Begin forwarded message:

> From: Ted Dunning 
> Date: November 24, 2016 at 2:28:47 PM PST
> To: "gene...@incubator.apache.org" 
> Subject: Re: JSON License and Apache Projects
> Reply-To: gene...@incubator.apache.org
> 
> Stephan,
> 
> What you suggest should work (if you add another dependency to provide the
> needed classes).
> 
> You have to be careful, however, because your consumers may expect to get
> the full json.org API.
> 
> I would suggest that exclusions like this should only be used while your
> direct dependency still has the dependency on json.org. When they fix it,
> you can drop the exclusion and all will be good.
> 
> 
> 
>> On Thu, Nov 24, 2016 at 2:21 AM, Stephan Ewen  wrote:
>> 
>> Just to be on the safe side:
>> 
>> If project X depends on another project Y that uses json.org (and thus
>> project X has json.org as a transitive dependency) is it sufficient to
>> exclude the transitive json.org dependency in the reference to project Y?
>> 
>> Something like that:
>> 
>> 
>>  org.apache.hive.hcatalog
>>  hcatalog-core
>>  0.12.0
>>  
>>
>>  org.json
>>  json
>>
>>  
>> 
>> 
>> Thanks,
>> Stephan
>> 
>> 
>> On Thu, Nov 24, 2016 at 10:00 AM, Jochen Theodorou 
>> wrote:
>> 
>>> is that library able to deal with the jdk9 module system?
>>> 
>>> 
 On 24.11.2016 02:16, James Bognar wrote:
 
 Shameless plug for Apache Juneau that has a cleanroom implementation of
>> a
 JSON serializer and parser in context of a common serialization API that
 includes a variety of serialization languages for POJOs.
 
 On Wed, Nov 23, 2016 at 8:10 PM Ted Dunning 
 wrote:
 
 The VP Legal for Apache has determined that the JSON processing library
> from json.org  is not usable as
>> a
> dependency by Apache projects. This is because the license includes a
> line
> that places a field of use condition on downstream users in a way that
>> is
> not compatible with Apache's license.
> 
> This decision is, unfortunately, a change from the previous situation.

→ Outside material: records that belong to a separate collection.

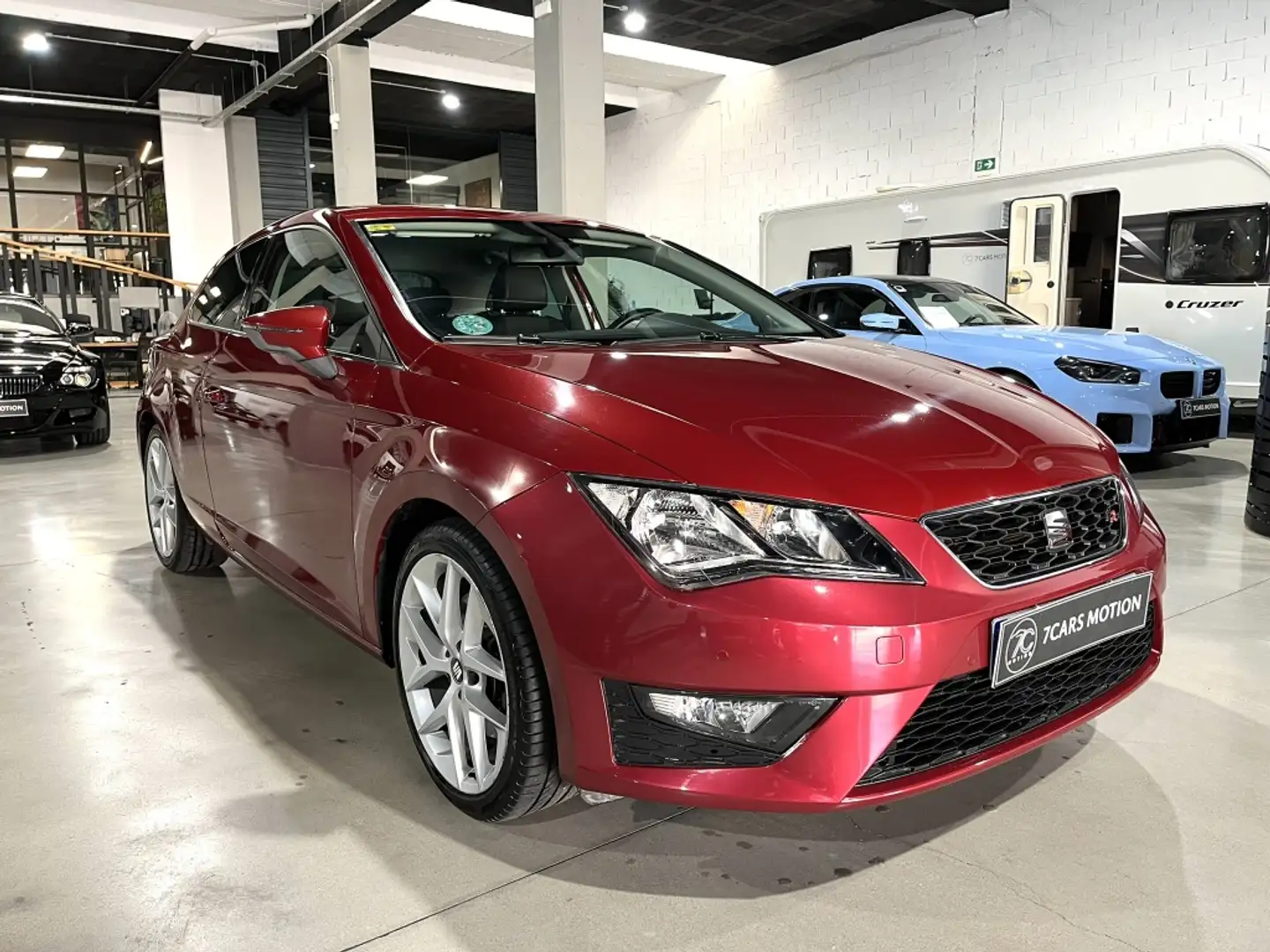 SEAT Leon SC 1.8 TSI S&S FR DSG7 180 Rojo - 1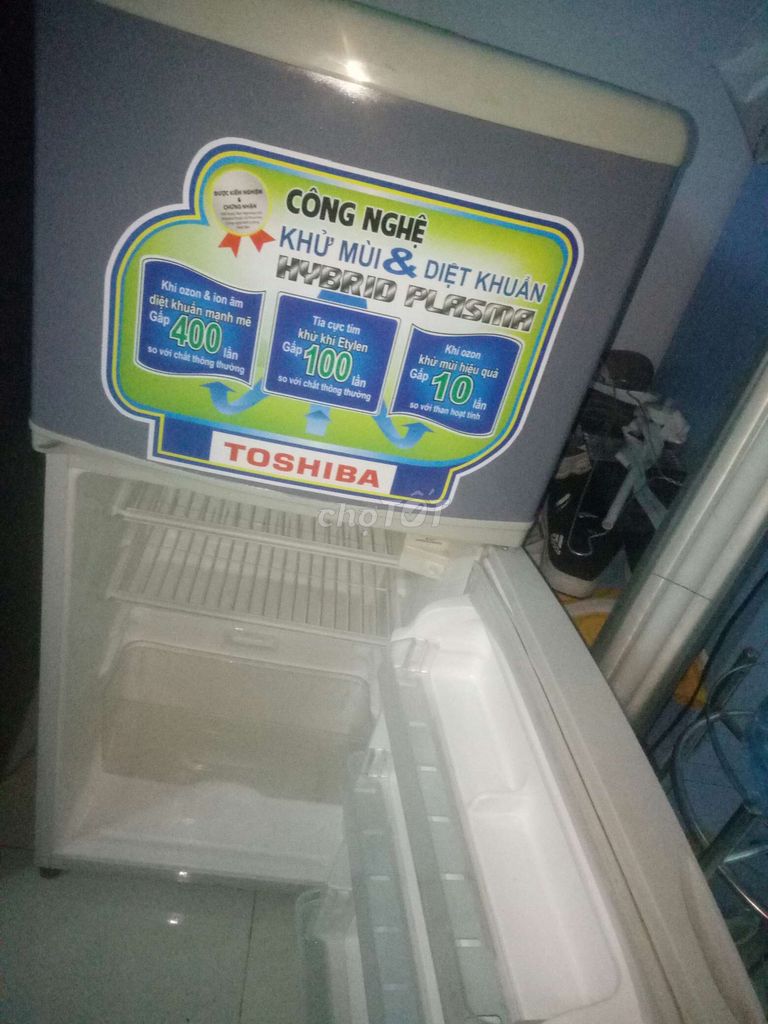 0877057607 - Tủ lạnh Toshiba 125L ko đóng tuyết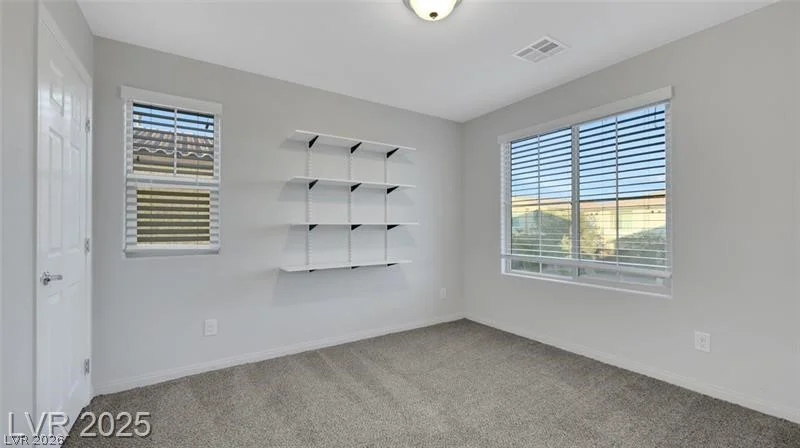 5905 Middle Rock, North Las Vegas, NV 89081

> While the current decision is correct, it would have been nice if we
>> had
> had this decision originally.
> 
> As such, some existing projects may be impacted because they assumed
>> that
> the json.org dependency was OK to use.
> 
> Incubator projects that are currently using the json.org library have
> several courses of action:
> 
> 1) just drop it. Some projects like Storm have demos that use twitter4j
> which incorporates the problematic code. These demos aren't core and
> could
> just be dropped for a time.
> 
> 2) help dependencies move away from problem code. I have sent a pull
> request to twitter4 j,
>> for
> example, that eliminates the problem. If they accept the pull, then all
> would be good for the projects that use twitter4j (and thus json.org)
> 
> 3) replace the json.org artifact with a compatible one that is open
> source.
> I have created and published an artifact based on clean-room Android
>> code
>  that replicates the most
> important
> parts of the json.org code. This code is compatible, but lacks some
> coverage. It also could lead to jar hell if used unjudiciously because
>> it
> uses the org.json package. Shading and exclusion in a pom might help.
>> Or
> not. Go with caution here.
> 
> 4) switch to safer alternatives such as Jackson. This requires code
> changes, but is probably a good thing to do. This option is the one
>> that
> is
> best in the long-term but is also the most expensive.
> 
> 
> -- Forwarded message --
> From: Jim Jagielski 
> Date: Wed, Nov 23, 2016 at 6:10 AM
> Subject: JSON License and Apache Projects
> To: ASF Board 
> 
> 
> (forwarded from legal-discuss@)
> 
> As some of you may know, recently the JSON License has been
> moved to Category X (https://www.apache.org/legal/resolved#category-x
>> ).
> 
> I understand that this has impacted some projects, especially
> those in the midst of doing a release. I also understand that
> up until now, really, there has been no real "outcry" over our
> usage of it, especially from end-users and other consumers of
> our projects which use it.
> 
> As compelling as that is, the fact is that the JSON license
> itself is not OSI approved and is therefore not, by definition,
> an "Open Source license" and, as such, cannot be considered as
> one which is acceptable as related to categories.